La questione lockdown locali, coprifuoco, chiusura delle regioni è ancora raccontata con linguaggio agonistico e tono morale, addirittura maschiocentrico riguardo l’utilizzo delle metafore di guerra, per esempio.
Si parla di quale regione chiuderà prima, come se chiudere fosse una colpa, o un fallimento, per esempio. Chiudere non è una colpa, e non è un fallimento, è una necessità, è una misura cautelativa.
Essere arrivati alla necessità della chiusura di alcune zone non è una colpa di tipo morale, non è un fallimento di natura agonistica, è, di certo, una responsabilità politica. Di indecisione, di assenza, di visione politica.
Si parla del virus come di un nemico, si dice stato di guerra, come se il nemico non derivasse da comportamenti che sono radicati da decenni, sono stati finanzianti, e sono stati tenuti da tutti noi in misura minore o maggiore.
Continuare a parlare dei tempi del vaccino, come se il vaccino fosse un miracolo, quasi fosse una procedura istantanea e non necessitasse, invece, di una profilassi di verifica e di una trafila produttiva, è deresponsabilizzante.
Occorre parlare di minimizzazione dei contagi. Per minimizzare i contagi vanno minimizzati i contatti. Il modello epidemiologico con il quale analizziamo l’andamento del virus non è cambiato, è rimasto quello che stiamo illustrando dal mese di febbraio.

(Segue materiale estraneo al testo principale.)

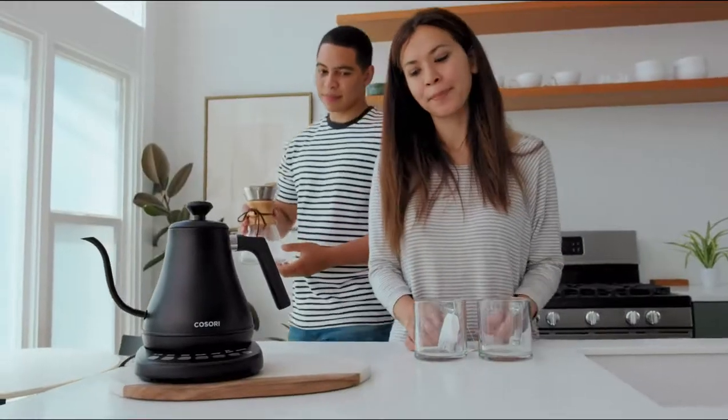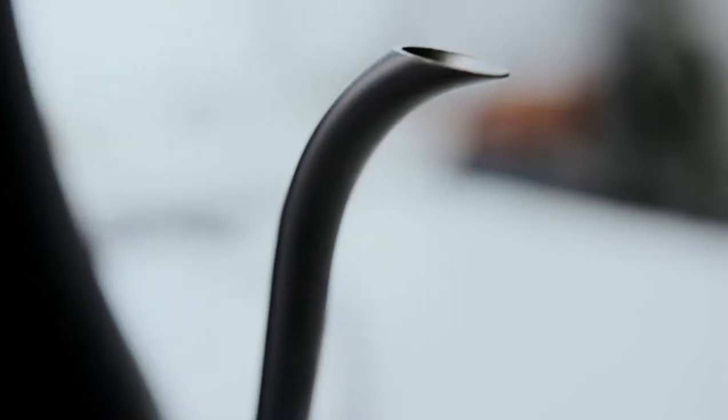The 1200 watts of power boil a full kettle in just 3-5 minutes, meaning you can enjoy a cup of coffee in no time.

Evidentemente non lo abbiamo capito. Siamo le prede del virus, ne siamo il nutrimento, per evitare di nutrirlo dobbiamo distanziarci.

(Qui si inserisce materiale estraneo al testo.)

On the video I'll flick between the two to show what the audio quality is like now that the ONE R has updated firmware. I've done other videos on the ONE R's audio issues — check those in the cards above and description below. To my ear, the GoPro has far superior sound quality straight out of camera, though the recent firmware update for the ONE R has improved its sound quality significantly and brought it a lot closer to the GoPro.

Screditare gli scienziati perché non tengono una posizione univoca significa negare, non solo un atteggiamento, ma una prassi costitutiva e costruttiva della scienza. Significa accomunare la scienza alla religione, significa, in ultima analisi, sottintendere che la salvezza, come una grazia, arrivi indipendentemente da noi. E invece dipende da noi. Da ognuno di noi.
Per comprendere i modelli bisogna, intanto, dismettere toni agonistici e morali, osservare i numeri, valutare le percentuali, e, soprattutto, non pensare che la fase esponenziale sia talmente terribile da sollevarci, come davanti all’apocalisse, dalle nostre responsabilità. Di cittadini.
Davanti all’apocalisse possiamo disinteressarci del comportamento del giorno dopo, perché tanto tutto finisce. Ma davanti a tutto il resto dobbiamo interessarci di cosa accade il giorno dopo.
I discorsi di Merkel e Macron, e avrei voluto fosse più netto anche quello di Conte, facevano appello ai cittadini, ma non con disperazione, con responsabilità per la comunità.
L’idea che la democrazia sia qualcosa che debba accontentare la maggior parte delle persone è retriva, è sbagliata, porta a contrapporre, come succede ogni giorno, economia e salute.
La democrazia garantisce i diritti e i doveri della maggior parte delle persone. E garantire i diritti e i doveri non è sinonimo di accontentare, ma di agire e decidere. L’incertezza nella quale camminiamo, muniti di mascherina e disinfettanti alcolici di vario genere, e a distanza, è mal tollerata perché ognuno di noi cerca di stabilire il proprio dpcm personale in accordo e soprattutto in correzione dei dpcm che via via vengono dati, annunciati, sussurrati, anticipati da soffiate e indiscrezioni che avvelenano la dimensione etico-politica del paese ancor più della proliferazione legislativa.
Chiudere una regione o un’altra, ripeto, una zona geografica o un’altra, non è una gara. Siamo una nazione, o non lo siamo. Siamo una democrazia o non lo siamo. Siamo cittadini o non lo siamo.
La democrazia e la coscienza di cittadinanza non sono un fenomeno di soglia, non scattano in emergenza, sono prassi. E questo significa che abbiamo diritto a un contesto, il più certo possibile, non di settimana in settimana, ma almeno fino a fine anno.
Nonostante le evidenze, combatto dentro di me, e fuori, l’idea che la nostra democrazia abbia una prospettiva di due giorni.